**Work to be completed**
The reply should hold only the lines from the one with "古董花梨木 紙巾盒 cm29.5闊x17深x11高" to the one with "Audi Q3 35 tfsi", both ends kept, exactly as they appear below, without any pictures.

**Data shown**
· · ·

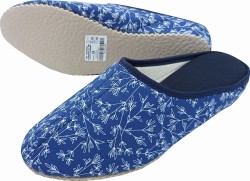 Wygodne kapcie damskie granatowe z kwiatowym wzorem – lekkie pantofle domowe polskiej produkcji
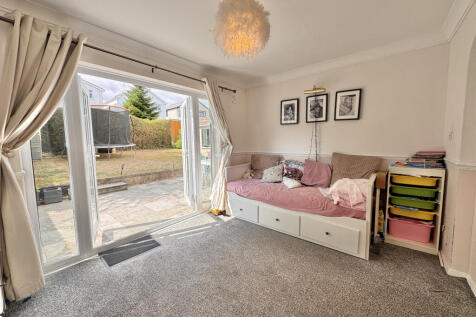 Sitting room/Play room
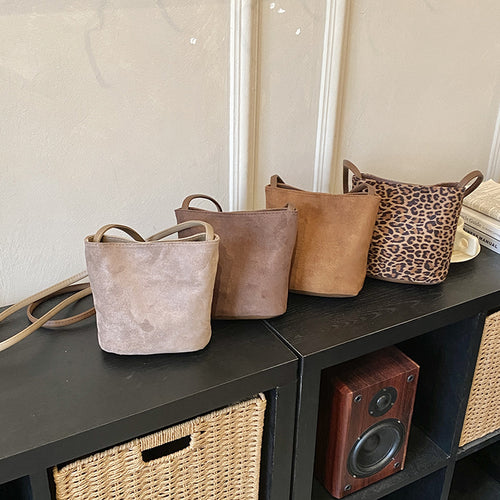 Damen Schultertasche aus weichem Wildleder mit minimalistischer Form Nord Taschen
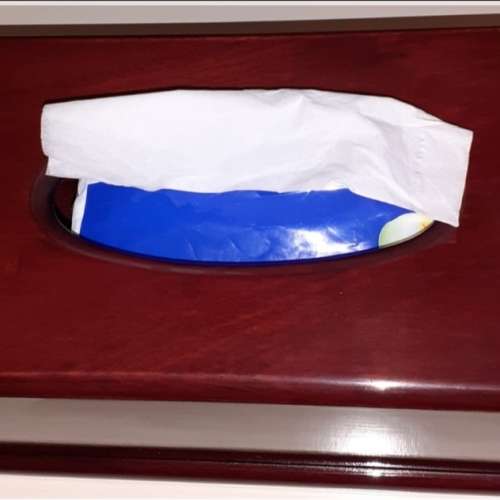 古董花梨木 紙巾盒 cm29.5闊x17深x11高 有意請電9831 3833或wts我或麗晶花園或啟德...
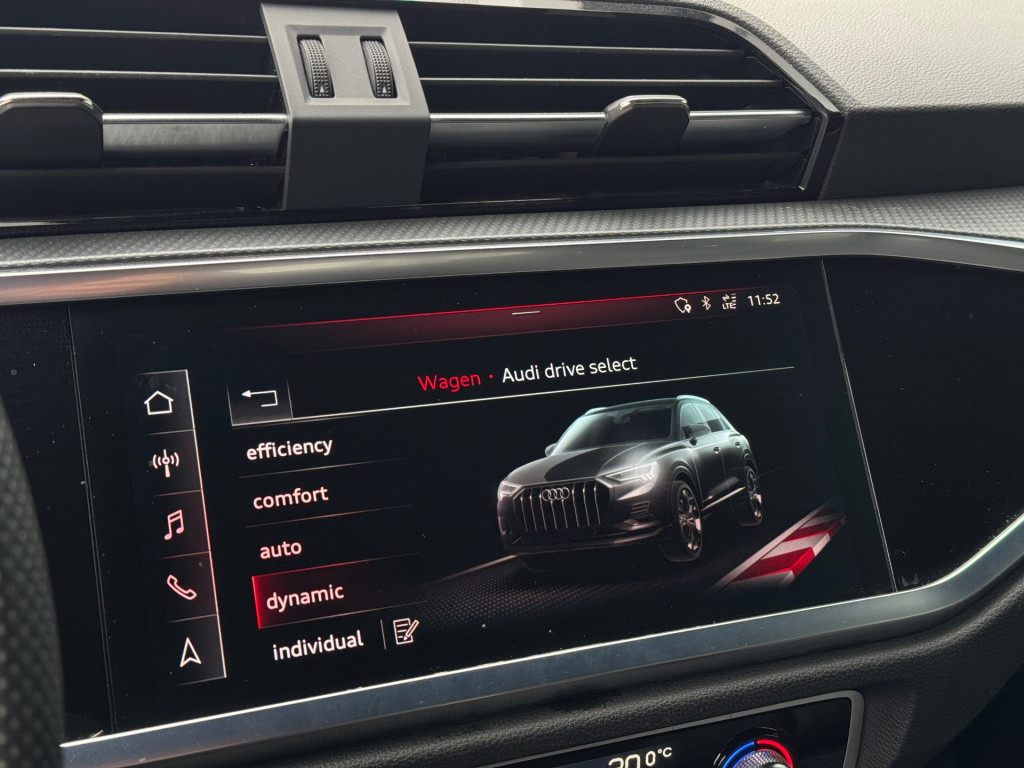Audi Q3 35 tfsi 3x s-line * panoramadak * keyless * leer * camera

· · ·

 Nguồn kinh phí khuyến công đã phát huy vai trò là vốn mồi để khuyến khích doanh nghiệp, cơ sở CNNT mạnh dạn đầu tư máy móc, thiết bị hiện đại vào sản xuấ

· · ·

**Written response**
 古董花梨木 紙巾盒 cm29.5闊x17深x11高 有意請電9831 3833或wts我或麗晶花園或啟德...
Audi Q3 35 tfsi 3x s-line * panoramadak * keyless * leer * camera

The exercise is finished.